Apartment homes and shops may rise on old Hollywood trash dump


The fate of a contaminated swath of city-owned land that once housed an incinerator moved a step closer to being decided on Wednesday.

In the next five years, if things go as planned, an old trash dump could be turned into a new mixed-use development with 315 apartments and a nearby supermarket with trendy shops and restaurants.

The team that would develop the sprawling 30.5-acre parcel includes Louis Birdman, the same man who’s building the One Thousand Museum, a 62-story ultra-luxury tower overlooking Biscayne Bay in downtown Miami.

But first, Hollywood officials have to iron out the details and bring the plan back for commission approval, likely in a few months.

Commissioners got their first look at the possibilities in December, when four builders came forward with plans to clean up and develop the land Hollywood has owned since 1963. The site, which houses Hollywood’s Public Works compound, sits just west of Interstate 95 and extends from Pembroke Road north to Hillcrest Drive.

On Wednesday, after hours of debate, commissioners ranked all four proposals, giving Birdman’s Park Road Development LLC the top spot.

If Hollywood officials can’t work out a deal with Birdman and his team, they’ll move on to the second-ranked firm, Bridge Development. If the land goes to Bridge, two massive warehouses would rise on the site.

Bridge offered to pay $6 million for the land, twice the amount offered by Birdman’s team.

But commissioners made it clear they were thinking about more than price.

The deal they’re envisioning has been a long time coming.

City officials have been talking about selling the land for 11 years, and at one point thought they might have to give it away.

“There’s an old expression: All good things come to those who wait.” Commissioner Dick Blattner said. “It wasn’t too long ago we were going to do a fire sale, get rid of this land.
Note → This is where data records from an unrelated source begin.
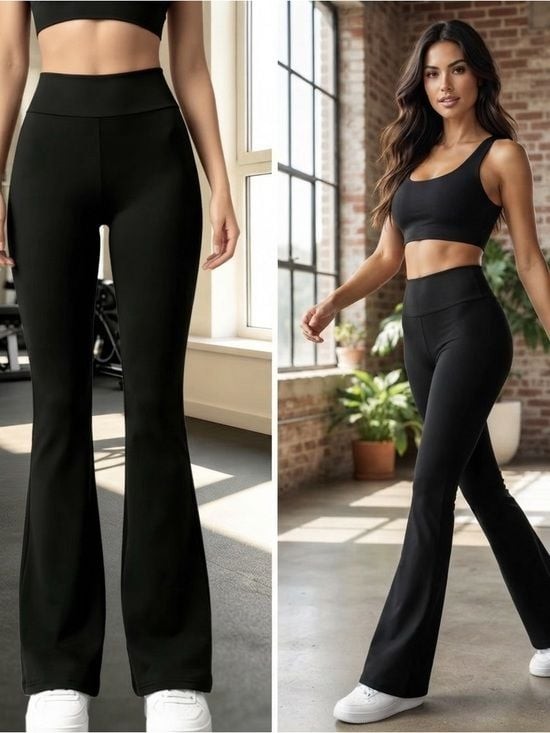High-Rise Black Sleek Flare Leggings Small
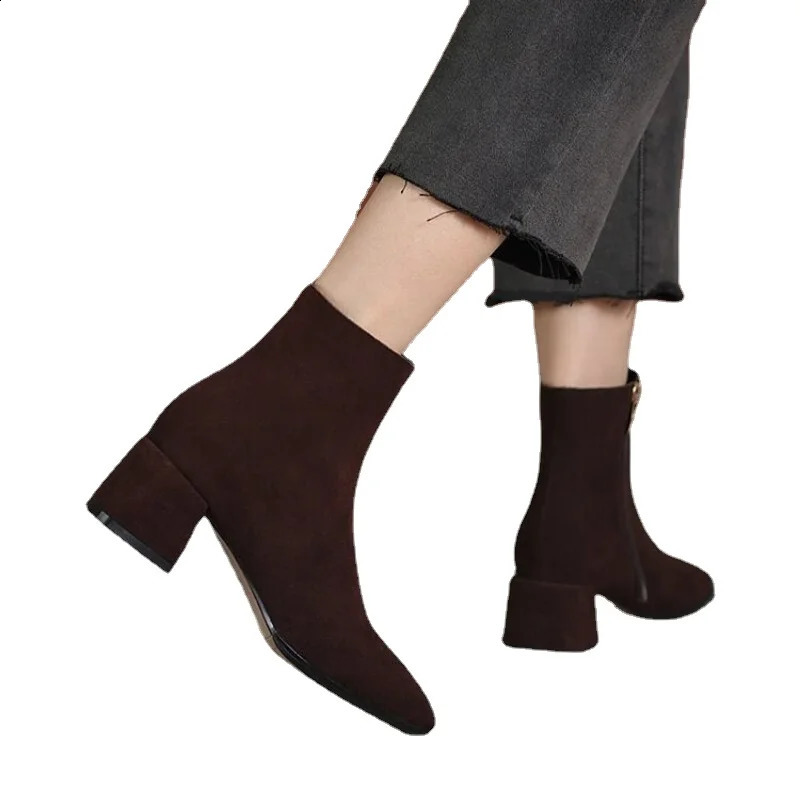 Genuine Leather Boots Retro High Heels Ankle Boots Women Shoes Back Zipper Sheep Suede Handmade Shoes Boots Women 241231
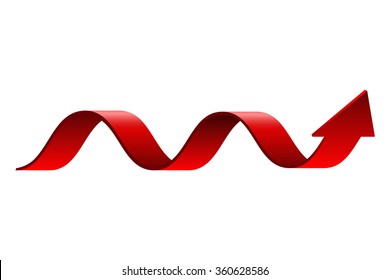 Red Indication arrows. Down and Up statistic financial graphic. Vector isolated on white background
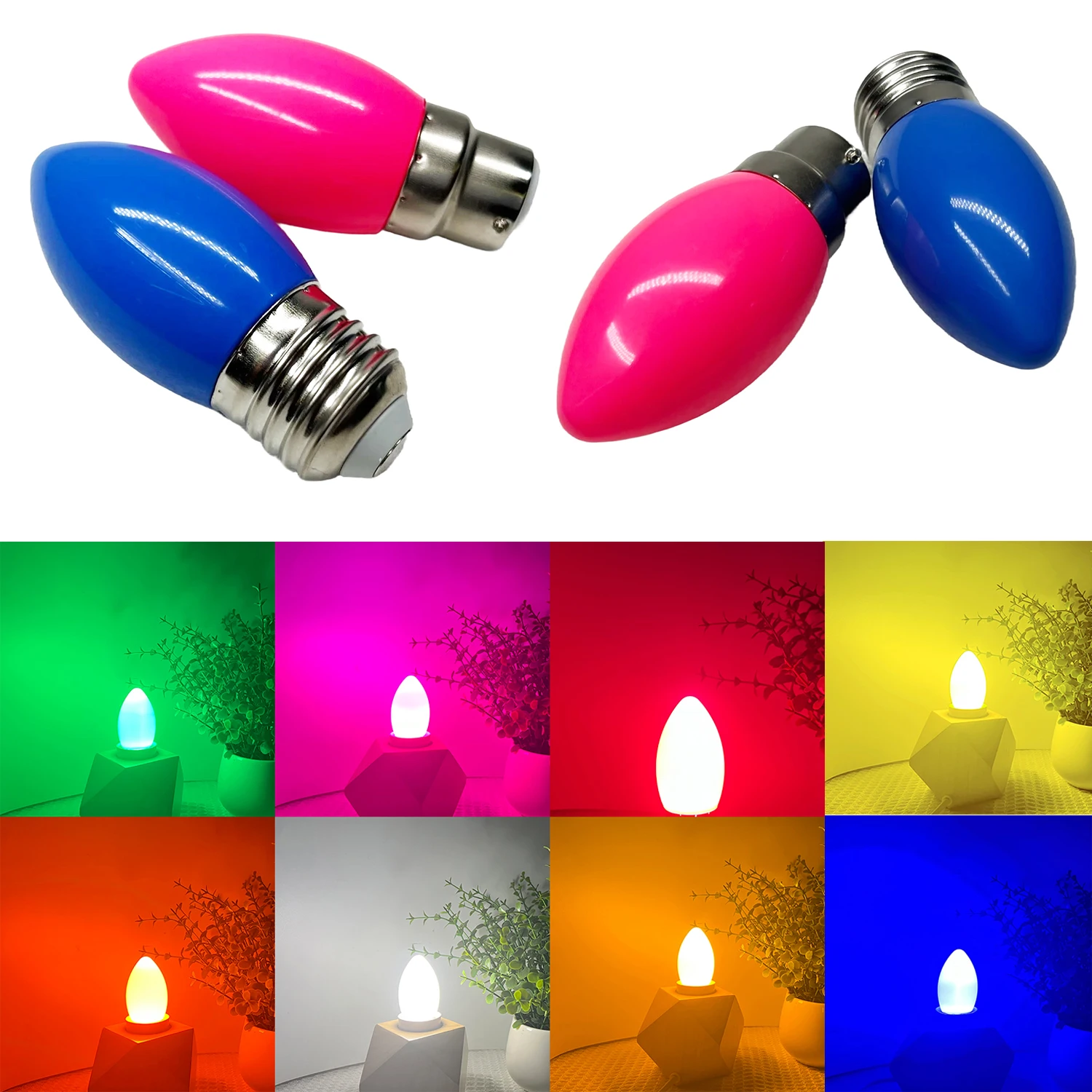 

83*35MM Colorful E27 Screw Candle Shape Light B22 2W Atmosphere Light Bulb for Home Party Birthday Holiday Decor 110V/220V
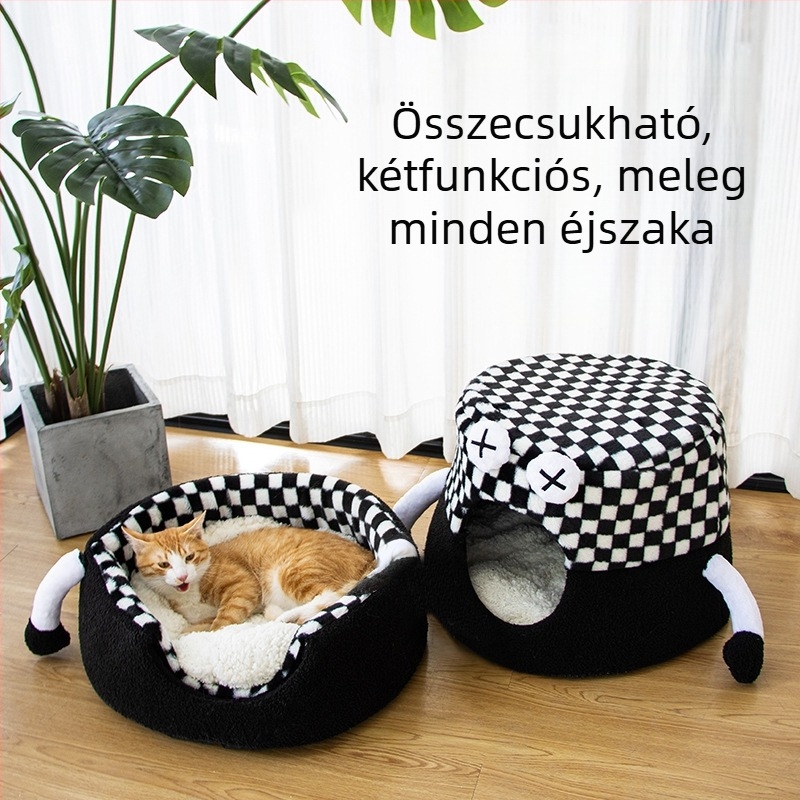 Leyoupai macska fészek - anyagok: rabbit plush, vászon, lambswool; kategória: háziállat-fészek; alkalmas macskáknak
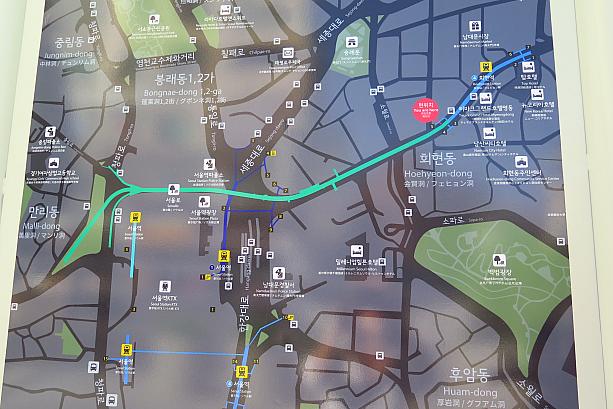 西はソウル駅の裏のほうから、東は南大門市場の最寄り駅、地下鉄４号線フェヒョン（会賢）駅の辺りまで伸びているこちら。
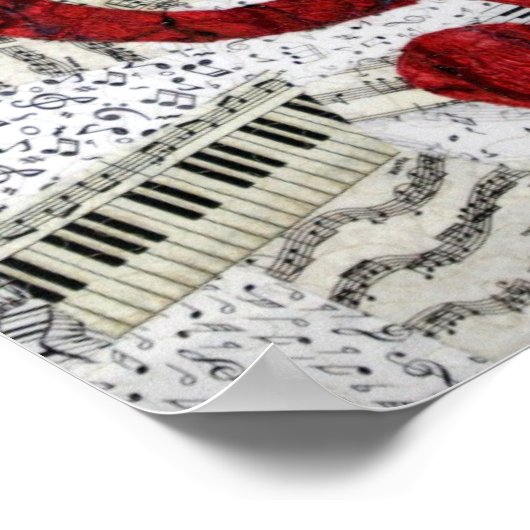 Red Treble Clef Poster (Ecke)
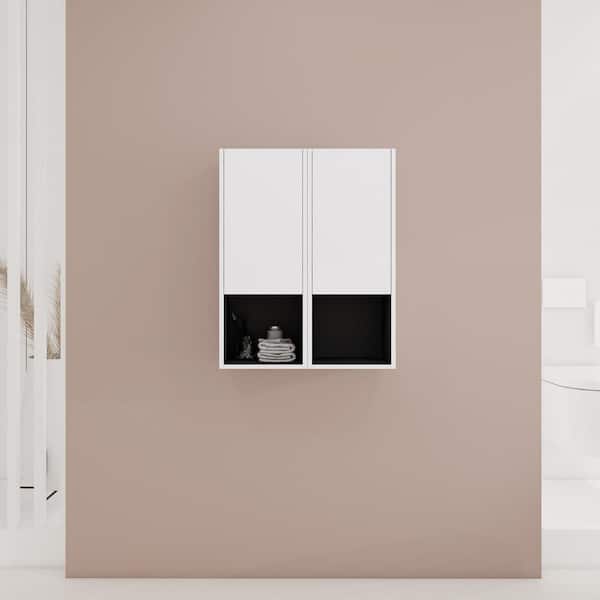 Modern 23.62 in. W x 9.81 in. D x 29.5 in. H Bathroom Storage Wall Cabinet in White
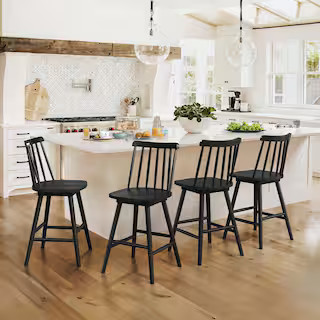 OrangeOne 24 in. Black Swivel Counter Height Bar Stools Solid Wood Bar Chair (Set of 4) Winco-BLA... | The Home Depot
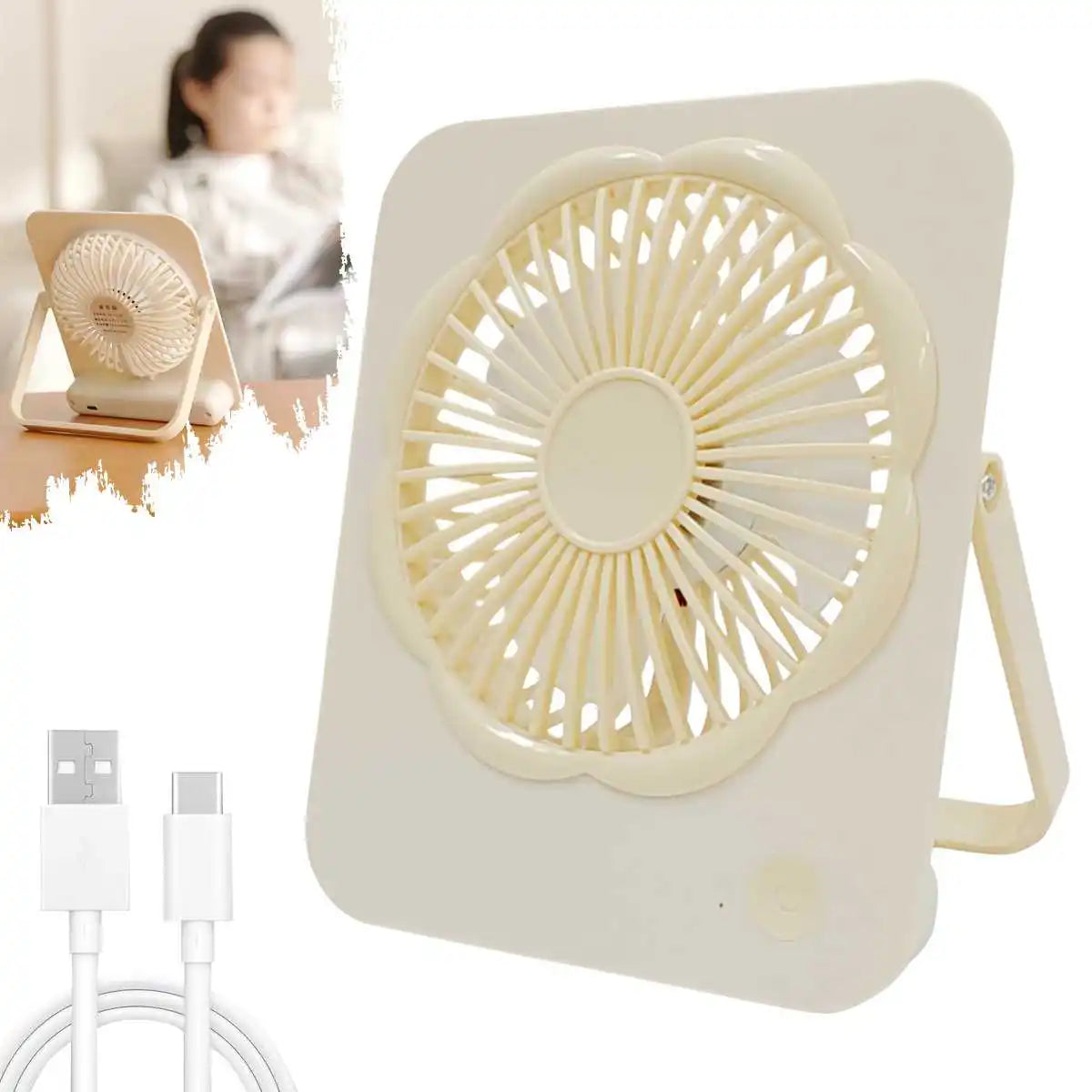 Portable Fan USB Desk Fan Fast Cooling Strong Airflow Quiet Operation Adjustable 4 Speed Wind Standing Ultra-thin Fans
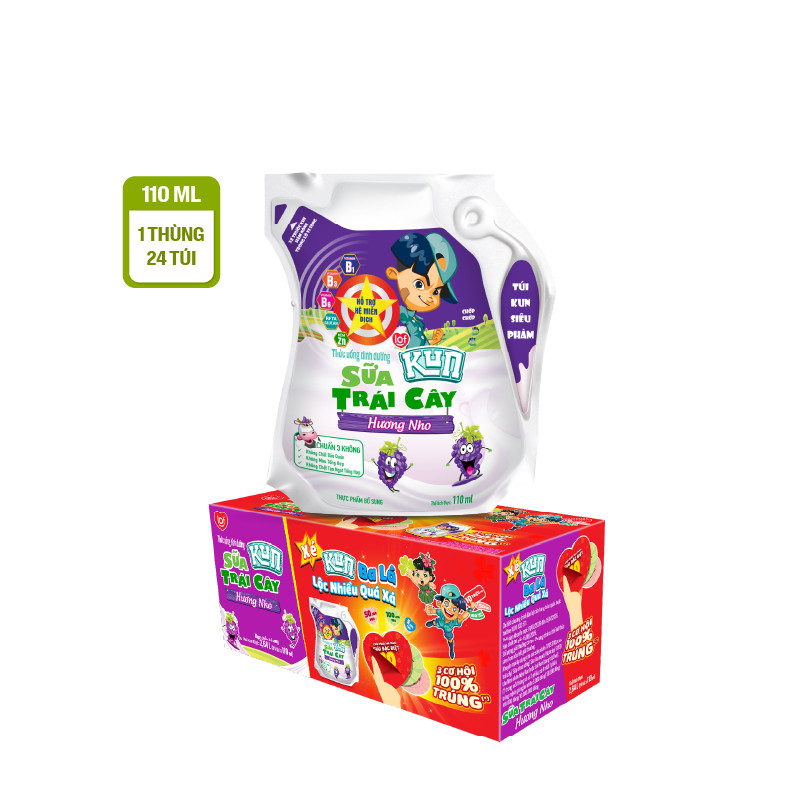 [Giá tốt trong Live] Đủ vị KUN túi 1 thùng 24 túi x 110ml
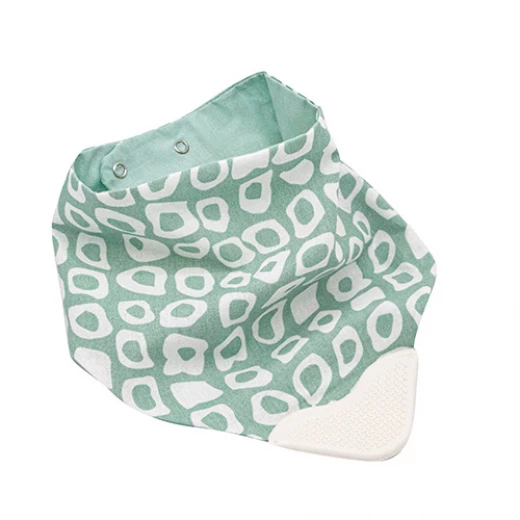 BabyJem Double Sided Poplin Apron Bib With Teether - Green BabyJem Double Sided Poplin Apron Bib With Teether - Green
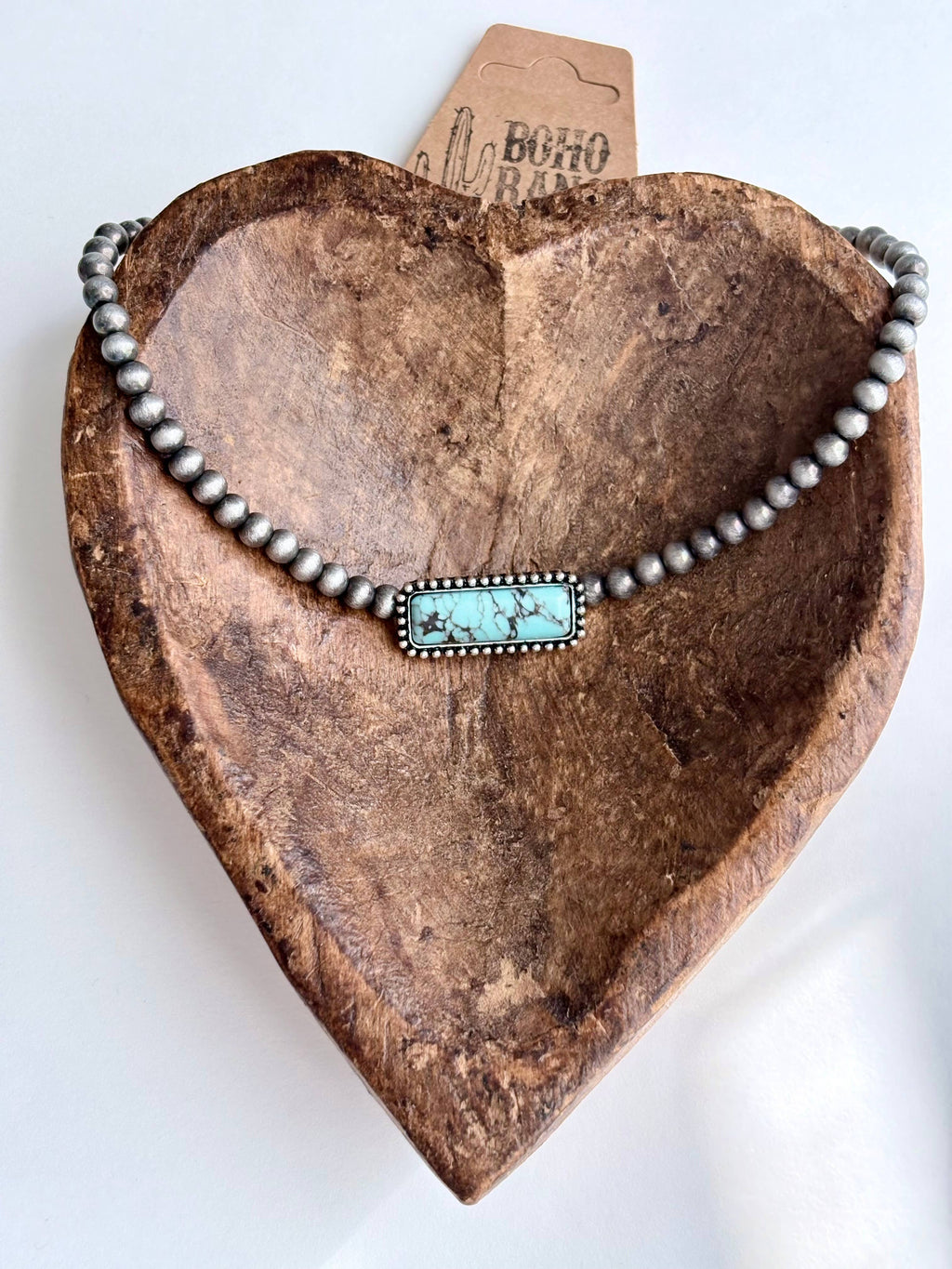 Western Turquoise Stone Pendant Navajo Pearl Choker Necklace: OVAL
And today we’re on the edge of a pretty spectacular project.”

Mike Meyers, one of Birdman’s partners, promised commissioners the project would get built even in the event of an economic downturn.

“Market goes up, market goes down, this project gets built,” he said.

Meyers estimates it will take up to 18 months to get final approvals and another two to three years to build. Once the project is built and on the tax rolls, it would bring in an estimated $444,000 a year to the city alone.

But at least one resident said he’d rather see the land turned into a giant green space.

“Once you build on it, you never get it back,” Jack Izzo told commissioners. “I think we’re making a bad decision by building.”